> **YOUR INSTRUCTIONS**: Copy the lines below verbatim, but only from the line containing "Nearby Indian Rocks Beach" through the end of the data.

[Crawled caption data]

+ + + + +

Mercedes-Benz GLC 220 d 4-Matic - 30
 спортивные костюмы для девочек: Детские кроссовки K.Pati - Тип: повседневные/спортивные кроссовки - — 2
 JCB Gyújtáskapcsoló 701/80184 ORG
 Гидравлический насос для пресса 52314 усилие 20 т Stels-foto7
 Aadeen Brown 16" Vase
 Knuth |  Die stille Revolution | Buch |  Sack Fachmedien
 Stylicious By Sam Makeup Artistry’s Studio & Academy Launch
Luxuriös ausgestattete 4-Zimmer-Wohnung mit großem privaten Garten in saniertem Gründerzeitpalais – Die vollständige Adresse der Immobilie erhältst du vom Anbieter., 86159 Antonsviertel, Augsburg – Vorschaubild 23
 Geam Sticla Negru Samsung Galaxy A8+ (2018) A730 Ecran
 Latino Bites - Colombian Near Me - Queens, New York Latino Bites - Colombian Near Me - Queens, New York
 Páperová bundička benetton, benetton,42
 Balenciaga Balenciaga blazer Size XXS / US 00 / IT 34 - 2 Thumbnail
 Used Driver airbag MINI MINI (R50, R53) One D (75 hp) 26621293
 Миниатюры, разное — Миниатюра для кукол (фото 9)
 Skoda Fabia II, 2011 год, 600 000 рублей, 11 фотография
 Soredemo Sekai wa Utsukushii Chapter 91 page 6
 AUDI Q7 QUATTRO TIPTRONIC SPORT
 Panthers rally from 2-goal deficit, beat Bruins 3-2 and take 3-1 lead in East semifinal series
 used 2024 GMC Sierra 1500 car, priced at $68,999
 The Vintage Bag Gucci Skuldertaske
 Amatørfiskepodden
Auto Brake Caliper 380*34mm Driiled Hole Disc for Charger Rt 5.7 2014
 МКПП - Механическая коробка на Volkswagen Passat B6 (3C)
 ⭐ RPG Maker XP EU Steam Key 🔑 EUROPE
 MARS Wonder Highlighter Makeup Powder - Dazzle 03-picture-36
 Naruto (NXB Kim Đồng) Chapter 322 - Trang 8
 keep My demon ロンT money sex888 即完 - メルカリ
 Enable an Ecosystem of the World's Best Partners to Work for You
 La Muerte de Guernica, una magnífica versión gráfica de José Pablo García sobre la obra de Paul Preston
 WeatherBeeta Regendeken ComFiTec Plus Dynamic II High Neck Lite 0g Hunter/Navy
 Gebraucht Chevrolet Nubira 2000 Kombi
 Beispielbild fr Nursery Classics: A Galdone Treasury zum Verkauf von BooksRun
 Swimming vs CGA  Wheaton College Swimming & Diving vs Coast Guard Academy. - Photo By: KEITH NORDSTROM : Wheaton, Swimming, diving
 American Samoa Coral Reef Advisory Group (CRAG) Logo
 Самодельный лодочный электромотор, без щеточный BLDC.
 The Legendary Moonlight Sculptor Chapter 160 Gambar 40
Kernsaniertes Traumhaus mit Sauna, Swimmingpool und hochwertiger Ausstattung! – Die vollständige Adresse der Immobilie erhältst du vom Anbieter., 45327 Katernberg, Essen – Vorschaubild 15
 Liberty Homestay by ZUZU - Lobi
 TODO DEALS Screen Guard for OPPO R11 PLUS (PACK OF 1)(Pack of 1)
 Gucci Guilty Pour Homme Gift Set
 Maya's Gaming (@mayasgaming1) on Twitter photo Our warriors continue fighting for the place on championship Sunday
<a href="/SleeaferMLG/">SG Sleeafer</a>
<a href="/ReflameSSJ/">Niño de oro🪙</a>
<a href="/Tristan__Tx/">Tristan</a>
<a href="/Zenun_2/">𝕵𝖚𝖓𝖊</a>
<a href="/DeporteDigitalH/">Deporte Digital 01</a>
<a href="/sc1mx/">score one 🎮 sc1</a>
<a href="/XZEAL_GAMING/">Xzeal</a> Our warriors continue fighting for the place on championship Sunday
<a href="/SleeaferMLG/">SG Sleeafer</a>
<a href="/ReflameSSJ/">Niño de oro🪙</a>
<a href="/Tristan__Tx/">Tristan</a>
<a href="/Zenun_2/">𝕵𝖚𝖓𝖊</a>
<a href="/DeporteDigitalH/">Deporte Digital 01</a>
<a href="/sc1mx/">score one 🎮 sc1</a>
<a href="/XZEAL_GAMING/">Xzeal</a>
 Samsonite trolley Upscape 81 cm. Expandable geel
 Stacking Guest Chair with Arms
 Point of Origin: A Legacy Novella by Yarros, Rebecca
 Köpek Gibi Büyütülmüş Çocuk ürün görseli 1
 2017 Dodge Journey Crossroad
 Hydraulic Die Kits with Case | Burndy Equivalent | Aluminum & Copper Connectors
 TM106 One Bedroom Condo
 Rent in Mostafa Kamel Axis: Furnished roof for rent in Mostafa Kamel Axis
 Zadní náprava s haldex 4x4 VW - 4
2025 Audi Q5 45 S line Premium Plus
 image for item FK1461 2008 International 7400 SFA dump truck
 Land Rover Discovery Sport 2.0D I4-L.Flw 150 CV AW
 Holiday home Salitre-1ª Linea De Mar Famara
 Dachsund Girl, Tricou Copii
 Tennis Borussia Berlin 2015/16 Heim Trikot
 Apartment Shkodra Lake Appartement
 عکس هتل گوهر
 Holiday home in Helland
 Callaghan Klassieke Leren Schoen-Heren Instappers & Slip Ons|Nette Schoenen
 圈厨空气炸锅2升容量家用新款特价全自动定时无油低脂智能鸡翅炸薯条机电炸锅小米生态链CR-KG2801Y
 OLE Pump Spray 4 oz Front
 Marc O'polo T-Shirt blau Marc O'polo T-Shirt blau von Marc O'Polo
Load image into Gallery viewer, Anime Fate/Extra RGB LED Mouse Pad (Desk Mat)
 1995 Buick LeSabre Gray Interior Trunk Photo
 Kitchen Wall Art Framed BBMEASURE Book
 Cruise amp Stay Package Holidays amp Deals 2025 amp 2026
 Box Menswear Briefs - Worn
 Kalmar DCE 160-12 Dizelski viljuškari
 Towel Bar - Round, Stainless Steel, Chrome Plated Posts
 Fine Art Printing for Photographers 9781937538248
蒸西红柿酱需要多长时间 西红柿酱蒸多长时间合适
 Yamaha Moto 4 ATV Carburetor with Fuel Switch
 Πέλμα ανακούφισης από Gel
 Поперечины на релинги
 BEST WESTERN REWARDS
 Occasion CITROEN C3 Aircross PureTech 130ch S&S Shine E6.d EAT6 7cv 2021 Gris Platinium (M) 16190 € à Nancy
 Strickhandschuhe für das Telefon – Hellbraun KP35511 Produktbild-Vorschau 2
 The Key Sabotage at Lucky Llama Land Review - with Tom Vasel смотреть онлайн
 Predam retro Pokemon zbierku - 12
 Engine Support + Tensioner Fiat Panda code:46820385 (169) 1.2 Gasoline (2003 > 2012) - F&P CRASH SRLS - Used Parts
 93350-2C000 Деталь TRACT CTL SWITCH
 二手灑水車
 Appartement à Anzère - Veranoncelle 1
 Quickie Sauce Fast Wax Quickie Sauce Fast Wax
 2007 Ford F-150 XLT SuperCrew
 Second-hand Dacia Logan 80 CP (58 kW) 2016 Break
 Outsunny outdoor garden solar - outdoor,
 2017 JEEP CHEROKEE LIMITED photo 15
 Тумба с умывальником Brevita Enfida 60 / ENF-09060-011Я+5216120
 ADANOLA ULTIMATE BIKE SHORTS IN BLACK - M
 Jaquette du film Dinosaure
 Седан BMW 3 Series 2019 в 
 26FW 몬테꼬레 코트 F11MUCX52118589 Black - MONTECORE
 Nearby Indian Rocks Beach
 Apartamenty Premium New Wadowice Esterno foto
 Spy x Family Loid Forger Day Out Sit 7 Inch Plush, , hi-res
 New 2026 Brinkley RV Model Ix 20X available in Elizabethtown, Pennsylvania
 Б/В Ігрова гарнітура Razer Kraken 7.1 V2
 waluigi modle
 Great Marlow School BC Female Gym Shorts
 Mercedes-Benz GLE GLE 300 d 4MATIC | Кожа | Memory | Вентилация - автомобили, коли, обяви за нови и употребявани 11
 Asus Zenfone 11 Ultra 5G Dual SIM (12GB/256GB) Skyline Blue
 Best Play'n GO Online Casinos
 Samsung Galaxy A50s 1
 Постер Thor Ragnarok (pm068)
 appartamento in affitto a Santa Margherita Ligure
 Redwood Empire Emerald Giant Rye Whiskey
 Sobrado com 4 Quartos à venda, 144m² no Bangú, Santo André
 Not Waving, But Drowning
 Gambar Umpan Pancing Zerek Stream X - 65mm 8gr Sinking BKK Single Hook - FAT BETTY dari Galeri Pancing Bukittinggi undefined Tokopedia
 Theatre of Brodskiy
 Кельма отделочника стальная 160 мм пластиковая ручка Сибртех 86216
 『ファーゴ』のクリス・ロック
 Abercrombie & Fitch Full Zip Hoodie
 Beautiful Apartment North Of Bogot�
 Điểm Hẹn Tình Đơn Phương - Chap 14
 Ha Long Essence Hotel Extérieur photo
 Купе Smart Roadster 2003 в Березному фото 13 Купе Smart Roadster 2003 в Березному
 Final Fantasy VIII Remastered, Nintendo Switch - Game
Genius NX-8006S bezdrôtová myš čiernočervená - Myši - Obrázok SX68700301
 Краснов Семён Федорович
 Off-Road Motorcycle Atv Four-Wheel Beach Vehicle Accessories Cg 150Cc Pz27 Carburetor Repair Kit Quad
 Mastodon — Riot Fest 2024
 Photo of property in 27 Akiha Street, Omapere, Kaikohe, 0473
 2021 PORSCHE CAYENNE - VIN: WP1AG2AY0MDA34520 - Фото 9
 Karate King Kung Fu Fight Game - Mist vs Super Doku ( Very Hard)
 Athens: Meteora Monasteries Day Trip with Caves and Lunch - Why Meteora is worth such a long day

+ + + + +

> **EXERCISE SOLUTION**:
 Nearby Indian Rocks Beach
 Apartamenty Premium New Wadowice Esterno foto
 Spy x Family Loid Forger Day Out Sit 7 Inch Plush, , hi-res
 New 2026 Brinkley RV Model Ix 20X available in Elizabethtown, Pennsylvania
 Б/В Ігрова гарнітура Razer Kraken 7.1 V2
 waluigi modle
 Great Marlow School BC Female Gym Shorts
 Mercedes-Benz GLE GLE 300 d 4MATIC | Кожа | Memory | Вентилация - автомобили, коли, обяви за нови и употребявани 11
 Asus Zenfone 11 Ultra 5G Dual SIM (12GB/256GB) Skyline Blue
 Best Play'n GO Online Casinos
 Samsung Galaxy A50s 1
 Постер Thor Ragnarok (pm068)
 appartamento in affitto a Santa Margherita Ligure
 Redwood Empire Emerald Giant Rye Whiskey
 Sobrado com 4 Quartos à venda, 144m² no Bangú, Santo André
 Not Waving, But Drowning
 Gambar Umpan Pancing Zerek Stream X - 65mm 8gr Sinking BKK Single Hook - FAT BETTY dari Galeri Pancing Bukittinggi undefined Tokopedia
 Theatre of Brodskiy
 Кельма отделочника стальная 160 мм пластиковая ручка Сибртех 86216
 『ファーゴ』のクリス・ロック
 Abercrombie & Fitch Full Zip Hoodie
 Beautiful Apartment North Of Bogot�
 Điểm Hẹn Tình Đơn Phương - Chap 14
 Ha Long Essence Hotel Extérieur photo
 Купе Smart Roadster 2003 в Березному фото 13 Купе Smart Roadster 2003 в Березному
 Final Fantasy VIII Remastered, Nintendo Switch - Game
Genius NX-8006S bezdrôtová myš čiernočervená - Myši - Obrázok SX68700301
 Краснов Семён Федорович
 Off-Road Motorcycle Atv Four-Wheel Beach Vehicle Accessories Cg 150Cc Pz27 Carburetor Repair Kit Quad
 Mastodon — Riot Fest 2024
 Photo of property in 27 Akiha Street, Omapere, Kaikohe, 0473
 2021 PORSCHE CAYENNE - VIN: WP1AG2AY0MDA34520 - Фото 9
 Karate King Kung Fu Fight Game - Mist vs Super Doku ( Very Hard)
 Athens: Meteora Monasteries Day Trip with Caves and Lunch - Why Meteora is worth such a long day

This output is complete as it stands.